I never use solvent-based. Water-based is safer to use, especially in the winter where, chances are, the sealing would be performed. 

An additional layer of plywood will not fix a under structured joist system.


----------



## CookeCarpentry (Feb 26, 2009)

angus242 said:


> I never use solvent-based. Water-based is safer to use, especially in the winter where, chances are, the sealing would be performed.
> 
> *An additional layer of plywood will not fix a under structured joist system*.


That's why I said _"at least". :laughing:_


----------



## angus242 (Oct 20, 2007)

Mark, question. When you spec'd the addition did you have to list the subfloor deflection on the plans anywhere? And please don't tell me to look at that pics. Look at blue prints is the same as me trying to read Russian......upside down....drunk :w00t:


----------



## HandyHails (Feb 28, 2009)

angus242 said:


> I never use solvent-based. Water-based is safer to use, especially in the winter where, chances are, the sealing would be performed.
> 
> An additional layer of plywood will not fix a under structured joist system.


I've been using a solvent based Tec Enhancing Sealer for a while now and it goes on beautifully. No streaks or "shiners". Just spray on and wipe w/ a terry cloth rag moist w/ the sealant. Buff 15 minutes later and its just beautiful. This is the stuff my supplier recommends for their honed and filled travertine. Pricey, but a little bit goes a long way. Wear rubber gloves or your hands will be a bit sticky after a few hundred square feet.


----------



## CookeCarpentry (Feb 26, 2009)

angus242 said:


> Mark, question. When you spec'd the addition did you have to list the subfloor deflection on the plans anywhere? And please don't tell me to look at that pics. Look at blue prints is the same as me trying to read Russian......upside down....drunk :w00t:


No, I didn't. Why do you ask?


----------



## SpecialistSteve (Jan 14, 2011)

HandyHails said:


> Just keep in mind that travertine scratches easily. Depending on the wear and tear you're kitchen will be getting I usually recommend against travertine in the kitchen for large families w/ young children.
> 
> That being said, you will want a good solid foundation for the installation of such large tile. Depending on the type of subfloor you have and the type and spacing of the joists you may have to install another layer of plywood over what you already have top stiffen up the floor. Obviously you will need to cut these w/ a wet saw and they generally cut very nicely.
> 
> ...


 
Yes, I have read that they do scratch easy. My wife and I have no children, and are not planning on having any for a couple years...the dogs are also not allowed on the kitchen, so I am not worried about those possible issues. We have a plan to move within 5-7 years as well--obviously that can change in this market though 

My home was built less than 5 years ago, it has a pretty thick sub-floor and spacing of 14in on the floor joists. I am thinking with the thicker hardy backer I should be good...?
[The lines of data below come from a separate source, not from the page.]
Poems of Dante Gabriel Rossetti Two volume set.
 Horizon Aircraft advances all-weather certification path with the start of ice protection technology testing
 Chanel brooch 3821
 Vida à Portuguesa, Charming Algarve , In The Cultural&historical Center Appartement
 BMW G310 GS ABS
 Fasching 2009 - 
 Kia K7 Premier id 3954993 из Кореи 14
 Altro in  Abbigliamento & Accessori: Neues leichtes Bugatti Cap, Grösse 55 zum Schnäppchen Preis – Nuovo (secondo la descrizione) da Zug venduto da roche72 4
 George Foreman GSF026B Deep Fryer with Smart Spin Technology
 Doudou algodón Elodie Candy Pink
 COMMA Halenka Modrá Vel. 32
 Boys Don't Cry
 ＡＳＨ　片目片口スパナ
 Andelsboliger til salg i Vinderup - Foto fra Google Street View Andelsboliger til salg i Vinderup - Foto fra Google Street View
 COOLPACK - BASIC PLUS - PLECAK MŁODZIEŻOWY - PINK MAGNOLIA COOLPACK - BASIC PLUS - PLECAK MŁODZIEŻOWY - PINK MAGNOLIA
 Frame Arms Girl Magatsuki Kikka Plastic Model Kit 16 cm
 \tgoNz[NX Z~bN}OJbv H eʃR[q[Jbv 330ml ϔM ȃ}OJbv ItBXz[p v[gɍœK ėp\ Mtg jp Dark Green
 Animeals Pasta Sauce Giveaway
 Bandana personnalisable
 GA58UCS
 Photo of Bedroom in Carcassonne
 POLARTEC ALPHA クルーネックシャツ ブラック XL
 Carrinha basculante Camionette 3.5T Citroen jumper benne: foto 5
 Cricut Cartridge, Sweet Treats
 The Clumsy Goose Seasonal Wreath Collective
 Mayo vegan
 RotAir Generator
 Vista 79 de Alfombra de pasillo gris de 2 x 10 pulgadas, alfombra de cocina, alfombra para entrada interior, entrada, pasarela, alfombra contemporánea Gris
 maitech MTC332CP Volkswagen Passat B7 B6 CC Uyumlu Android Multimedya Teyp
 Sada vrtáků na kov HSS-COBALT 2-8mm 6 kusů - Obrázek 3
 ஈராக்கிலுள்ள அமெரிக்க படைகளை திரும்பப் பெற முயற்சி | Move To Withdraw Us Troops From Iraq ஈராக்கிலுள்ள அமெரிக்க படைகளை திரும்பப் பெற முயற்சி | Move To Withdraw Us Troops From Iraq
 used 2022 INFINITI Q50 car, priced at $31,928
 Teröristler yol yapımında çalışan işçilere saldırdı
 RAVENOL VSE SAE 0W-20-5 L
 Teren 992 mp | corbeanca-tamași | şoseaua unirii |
The tile at HD appear to be rough pitted...

Thank you very much for responding-highly appreciated!


----------



## angus242 (Oct 20, 2007)

I love StoneTech Professional Enhancer. Not only an easy formula to work with, but does a great job enhancing natural stone. No nasty solvents to deal with. :thumbsup:


----------



## angus242 (Oct 20, 2007)

SpecialistSteve said:


> My home was built less than 5 years ago, it has a pretty thick sub-floor and spacing of 14in on the floor joists. I am thinking with the thicker hardy backer I should be good...?


Noooooooooooooooo

CBU is _not _structural. Serious, this is why I drink 

If you're not willing to divulge your deflection ratio, nor care about it, good luck with your Holiday Inn Express install.


----------



## CookeCarpentry (Feb 26, 2009)

angus242 said:


> Noooooooooooooooo
> 
> *CBU is not structural*. Serious, this is why I drink
> 
> If you're not willing to divulge your deflection ratio, nor care about it, good luck with your Holiday Inn Express install.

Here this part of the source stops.